Let $\nu$ be a complex measure on $(X, \mathcal{M})$. If $E \in \mathcal{M}$, define:
- $\mu_1(E) = \sup\{\sum_1^n{|v(E_j)|}:n \in N, E_1, ..., E_n$ disjoint$, E = \bigcup_1^n{E_j}\}$
- $\mu_2(E) = \sup\{\sum_1^{\infty}{|v(E_j)|}:E_1, E_2,...$ disjoint$, E = \bigcup_1^{\infty}{E_j}\}$
- $\mu_3(E) = \sup\{|\int_E{fdv}|: |f| \le 1\}$.

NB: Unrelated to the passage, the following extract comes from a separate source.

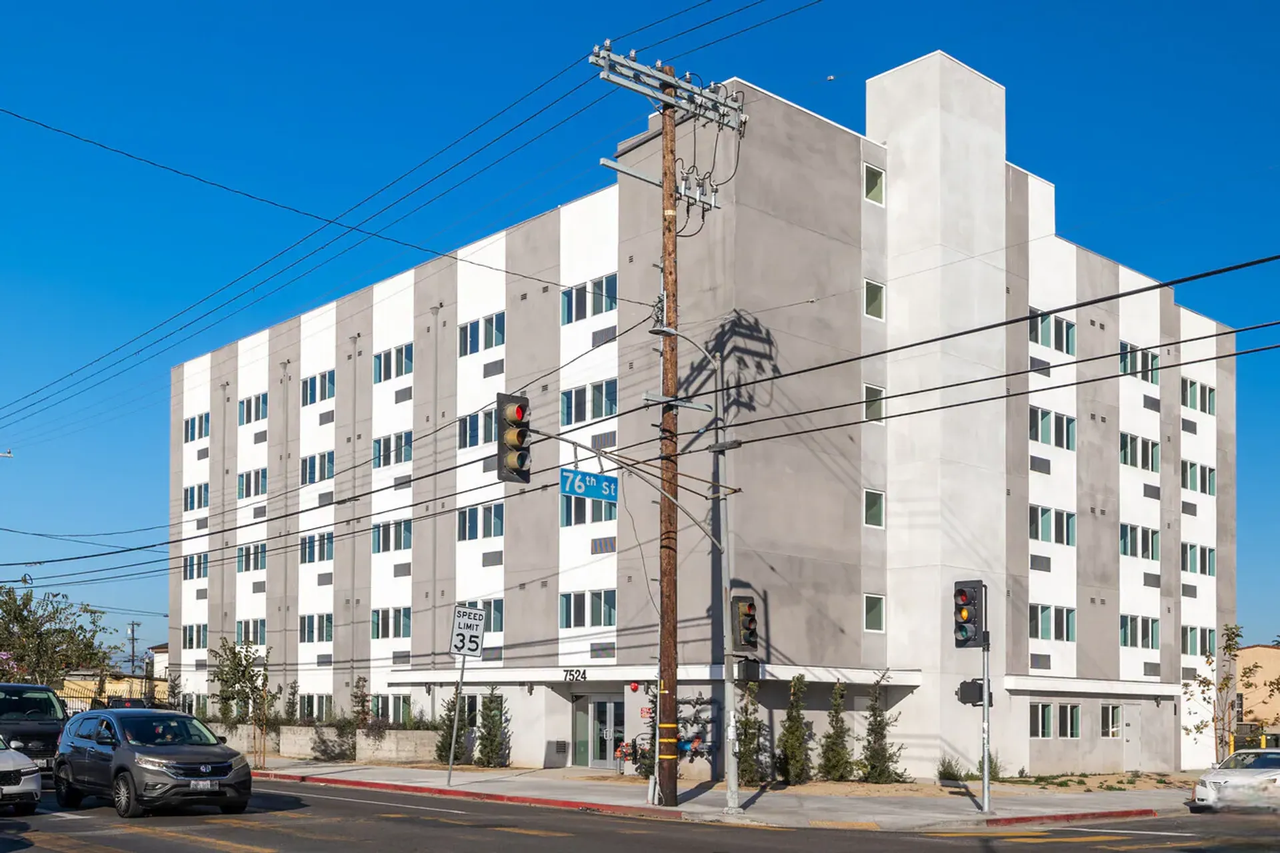 Gorgeous 1 bed/1 bath Apartments ~ LA City Section 8 Voucher Accepted! - Photo 2 of 10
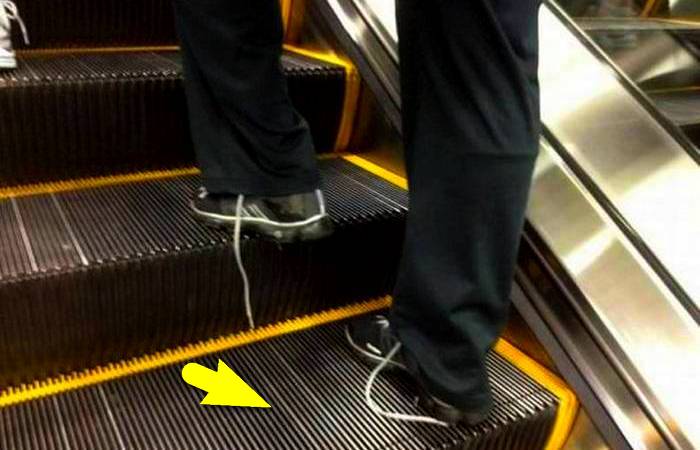 Для чего нужны объёмные полоски на ступеньках эскалатора?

Prove that $\mu_1 = \mu_2 = \mu_3 = |\nu|$
This problem is exercise 21, chapter 3 from Real Analysis of Folland. I followed the structure in his book, and up to now, I can prove that $\mu_1 \le \mu_2 \le \mu_3$ and $\mu_3 = |\nu|$. So the only point I stuck right now is to prove that $\mu_3 \le \mu_1$. I think about approximating $f$ using simple functions. But $f$ is a complex function, so the approximation is quite complicated. Anyone has any suggestion? Thanks so much for your help, I really appreciate.